● **What this task involves**
Your output should be the lines below from the one holding "공인중개사 시험 전 체크리스트" through the one holding "セガ(SEGA)のラブライブ!サンシャイン!!津島善子 プレミアムウォールクロック 新品未開封(その他)", transcribed exactly, with no pictures.

● **Records to use**
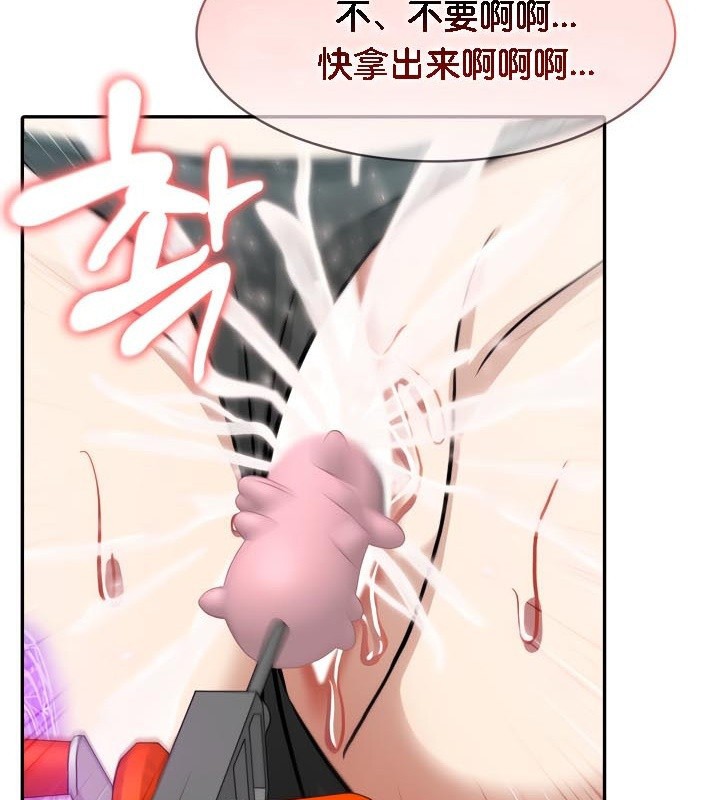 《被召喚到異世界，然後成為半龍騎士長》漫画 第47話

==

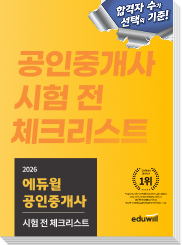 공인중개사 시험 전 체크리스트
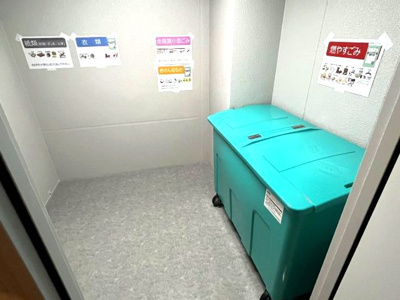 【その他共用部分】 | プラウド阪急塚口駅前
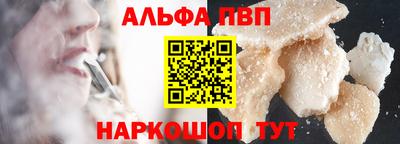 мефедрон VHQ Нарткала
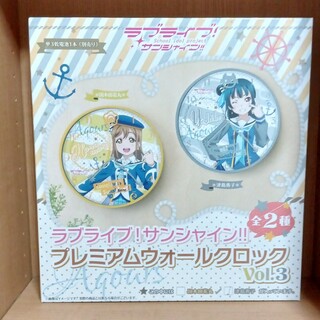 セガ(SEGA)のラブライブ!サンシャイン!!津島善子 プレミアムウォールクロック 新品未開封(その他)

● **Written solution**
 공인중개사 시험 전 체크리스트
 【その他共用部分】 | プラウド阪急塚口駅前
 мефедрон VHQ Нарткала
 セガ(SEGA)のラブライブ!サンシャイン!!津島善子 プレミアムウォールクロック 新品未開封(その他)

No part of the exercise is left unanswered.